Epic fantasy author M. Edward McNally is a North Carolinian of Irish/Mexican extraction. He has a Masters in English Lit from ISU and Russian/East European History from ASU. He grew up mostly in the Midwest along I-35 northbound (KS, IA, MN), and now resides in the scrub brush surrounding Phoenix AZ, where the scorpions and javelinas play. Learn more about Ed at his blog, and his Amazon author page.

6 thoughts on “Ed’s Casual Friday: 5 to 1 Book Reviews”

  1. I’m proud to say the Da Vinci Code is the only one of those best sellers I’ve read. And having read it I’m ashamed to admit I rather enjoyed it… rather like a McDonald’s fillet of fish with fries. Frankly, I thought all the 1 star reviews were the most interesting. I wonder what that says about me. 🙁

  2. A priceless gift Ed, humor for the insomniac. I feel so much better knowing that I’m not the only one who loathes Dan Brown. His writing is so pedantic, I couldn’t make it through the first chapter of Da Vinci Code. People I truly respect loved this book, and hey…I still respect their right to enjoy whatever they read. But I have an equal right to agree with all of the one-star reviews and also resent him for “spoon-feeding the masses pseudo-intellectual “Holy Blood, Holy Grail” D-grade thriller shite under a pretense of real sophistication, and getting orally serviced by The New York Times for his effort.”

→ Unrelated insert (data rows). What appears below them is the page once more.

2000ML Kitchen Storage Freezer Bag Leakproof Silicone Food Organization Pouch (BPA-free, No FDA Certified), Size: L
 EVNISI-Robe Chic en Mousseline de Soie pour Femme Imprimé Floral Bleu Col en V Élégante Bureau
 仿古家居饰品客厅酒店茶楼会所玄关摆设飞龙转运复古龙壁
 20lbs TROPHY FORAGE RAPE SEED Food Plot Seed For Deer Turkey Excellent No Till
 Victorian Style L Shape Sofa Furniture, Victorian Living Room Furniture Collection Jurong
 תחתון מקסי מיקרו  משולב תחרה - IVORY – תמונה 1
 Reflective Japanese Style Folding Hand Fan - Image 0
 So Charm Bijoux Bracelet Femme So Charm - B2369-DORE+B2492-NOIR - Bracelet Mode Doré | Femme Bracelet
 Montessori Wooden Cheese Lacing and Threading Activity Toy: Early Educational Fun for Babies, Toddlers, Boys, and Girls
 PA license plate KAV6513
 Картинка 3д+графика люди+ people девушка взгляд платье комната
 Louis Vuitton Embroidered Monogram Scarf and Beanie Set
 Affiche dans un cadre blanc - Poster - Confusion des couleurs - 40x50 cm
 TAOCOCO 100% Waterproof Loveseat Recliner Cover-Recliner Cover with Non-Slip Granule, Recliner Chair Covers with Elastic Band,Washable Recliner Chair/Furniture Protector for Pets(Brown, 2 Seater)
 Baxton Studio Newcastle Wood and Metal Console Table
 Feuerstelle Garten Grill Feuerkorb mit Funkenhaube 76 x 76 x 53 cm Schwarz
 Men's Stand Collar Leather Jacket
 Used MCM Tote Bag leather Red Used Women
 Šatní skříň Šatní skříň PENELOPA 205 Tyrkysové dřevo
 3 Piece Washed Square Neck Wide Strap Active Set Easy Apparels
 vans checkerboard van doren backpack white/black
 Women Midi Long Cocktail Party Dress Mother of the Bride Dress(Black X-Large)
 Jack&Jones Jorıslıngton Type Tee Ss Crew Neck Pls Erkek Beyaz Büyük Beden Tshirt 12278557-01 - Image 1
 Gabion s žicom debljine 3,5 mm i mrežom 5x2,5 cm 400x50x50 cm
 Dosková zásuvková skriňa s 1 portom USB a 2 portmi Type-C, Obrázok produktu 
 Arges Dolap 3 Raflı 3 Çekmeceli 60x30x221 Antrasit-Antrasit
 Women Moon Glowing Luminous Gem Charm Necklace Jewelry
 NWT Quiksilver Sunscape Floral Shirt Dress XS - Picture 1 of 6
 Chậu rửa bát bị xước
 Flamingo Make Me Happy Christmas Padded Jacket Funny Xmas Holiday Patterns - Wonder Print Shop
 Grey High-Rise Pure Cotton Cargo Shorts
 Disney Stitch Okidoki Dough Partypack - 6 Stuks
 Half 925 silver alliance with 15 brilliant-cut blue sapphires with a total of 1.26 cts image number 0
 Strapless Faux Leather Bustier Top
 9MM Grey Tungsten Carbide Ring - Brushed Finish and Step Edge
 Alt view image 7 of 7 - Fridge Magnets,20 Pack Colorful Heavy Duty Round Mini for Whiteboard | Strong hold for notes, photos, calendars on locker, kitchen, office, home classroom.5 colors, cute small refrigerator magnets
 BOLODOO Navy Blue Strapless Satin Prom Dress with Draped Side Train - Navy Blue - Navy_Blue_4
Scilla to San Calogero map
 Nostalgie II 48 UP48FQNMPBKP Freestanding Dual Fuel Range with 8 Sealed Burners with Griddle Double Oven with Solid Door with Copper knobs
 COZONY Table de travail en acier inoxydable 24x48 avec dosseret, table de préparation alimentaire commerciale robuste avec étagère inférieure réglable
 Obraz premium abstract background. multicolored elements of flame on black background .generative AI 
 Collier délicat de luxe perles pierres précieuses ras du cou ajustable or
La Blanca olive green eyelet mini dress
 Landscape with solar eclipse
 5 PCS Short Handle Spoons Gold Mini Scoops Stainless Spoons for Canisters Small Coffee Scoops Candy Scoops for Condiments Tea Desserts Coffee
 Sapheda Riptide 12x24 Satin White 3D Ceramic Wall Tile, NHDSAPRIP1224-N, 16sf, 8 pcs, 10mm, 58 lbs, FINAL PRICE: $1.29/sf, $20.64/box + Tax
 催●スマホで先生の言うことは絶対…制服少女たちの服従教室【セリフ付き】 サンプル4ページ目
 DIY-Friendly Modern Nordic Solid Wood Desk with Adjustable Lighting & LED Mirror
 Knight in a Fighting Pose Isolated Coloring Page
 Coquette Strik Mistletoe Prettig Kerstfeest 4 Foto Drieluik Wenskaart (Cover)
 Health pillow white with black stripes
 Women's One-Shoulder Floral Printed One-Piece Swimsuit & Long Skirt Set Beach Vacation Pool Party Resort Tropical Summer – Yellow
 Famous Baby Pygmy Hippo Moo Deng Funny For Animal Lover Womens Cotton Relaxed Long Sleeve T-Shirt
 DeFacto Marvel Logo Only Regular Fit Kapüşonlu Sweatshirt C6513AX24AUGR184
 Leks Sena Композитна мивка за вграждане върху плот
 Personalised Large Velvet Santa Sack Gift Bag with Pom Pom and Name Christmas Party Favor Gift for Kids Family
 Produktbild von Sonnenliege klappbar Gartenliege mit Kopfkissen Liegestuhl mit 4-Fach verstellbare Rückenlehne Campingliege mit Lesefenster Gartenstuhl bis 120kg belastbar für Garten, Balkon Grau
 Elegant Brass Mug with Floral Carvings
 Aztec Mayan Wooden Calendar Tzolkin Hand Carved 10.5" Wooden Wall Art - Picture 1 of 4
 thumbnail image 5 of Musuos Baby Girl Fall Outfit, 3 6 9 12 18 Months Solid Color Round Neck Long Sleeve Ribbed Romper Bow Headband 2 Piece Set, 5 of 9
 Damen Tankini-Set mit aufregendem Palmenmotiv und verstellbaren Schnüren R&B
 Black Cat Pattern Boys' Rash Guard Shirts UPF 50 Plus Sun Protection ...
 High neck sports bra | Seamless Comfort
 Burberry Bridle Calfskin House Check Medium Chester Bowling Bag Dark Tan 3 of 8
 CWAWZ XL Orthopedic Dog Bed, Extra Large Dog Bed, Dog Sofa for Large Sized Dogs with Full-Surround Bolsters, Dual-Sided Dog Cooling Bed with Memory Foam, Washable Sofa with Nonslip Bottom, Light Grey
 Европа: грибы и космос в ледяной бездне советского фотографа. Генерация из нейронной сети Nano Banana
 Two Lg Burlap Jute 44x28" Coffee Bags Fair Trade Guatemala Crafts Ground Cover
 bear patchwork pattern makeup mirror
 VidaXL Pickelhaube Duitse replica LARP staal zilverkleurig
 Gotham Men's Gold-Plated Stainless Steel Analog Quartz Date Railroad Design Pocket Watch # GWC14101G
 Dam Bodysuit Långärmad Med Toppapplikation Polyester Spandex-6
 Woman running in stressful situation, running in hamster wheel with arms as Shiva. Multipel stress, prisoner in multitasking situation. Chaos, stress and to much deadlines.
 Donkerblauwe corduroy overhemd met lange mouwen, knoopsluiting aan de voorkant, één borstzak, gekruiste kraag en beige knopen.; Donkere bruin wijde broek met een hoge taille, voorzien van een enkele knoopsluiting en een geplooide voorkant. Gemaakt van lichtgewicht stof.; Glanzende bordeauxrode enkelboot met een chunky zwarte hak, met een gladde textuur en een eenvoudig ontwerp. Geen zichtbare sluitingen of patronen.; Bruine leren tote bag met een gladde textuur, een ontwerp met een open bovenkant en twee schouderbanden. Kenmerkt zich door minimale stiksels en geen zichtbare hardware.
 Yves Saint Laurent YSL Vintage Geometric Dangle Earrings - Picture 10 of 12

    When do we get to talk about who hated “Bridges of Madison County” the most insipid, narcissistic contribution to the Best Seller list of its decade (what decade was that, the 1990’s?) Having been born and raised in the Midwest, I’m here to say that story could never have happened in that part of the U.S. The lovers would have been busted, in a heartbeat. Everyone notices when a strange truck shows up in anyone’s driveway. The kids and the husband would have known all about it as soon as they returned from their road trip.

  3. My mother always told me, “If you can’t say something nice about someone don’t say anything at all!” I don’t write many reviews but I try to stick with that general ethos. However, having said that, it’s interesting to see such divided opinion regarding the same piece of work. Excellent post, as always, Ed.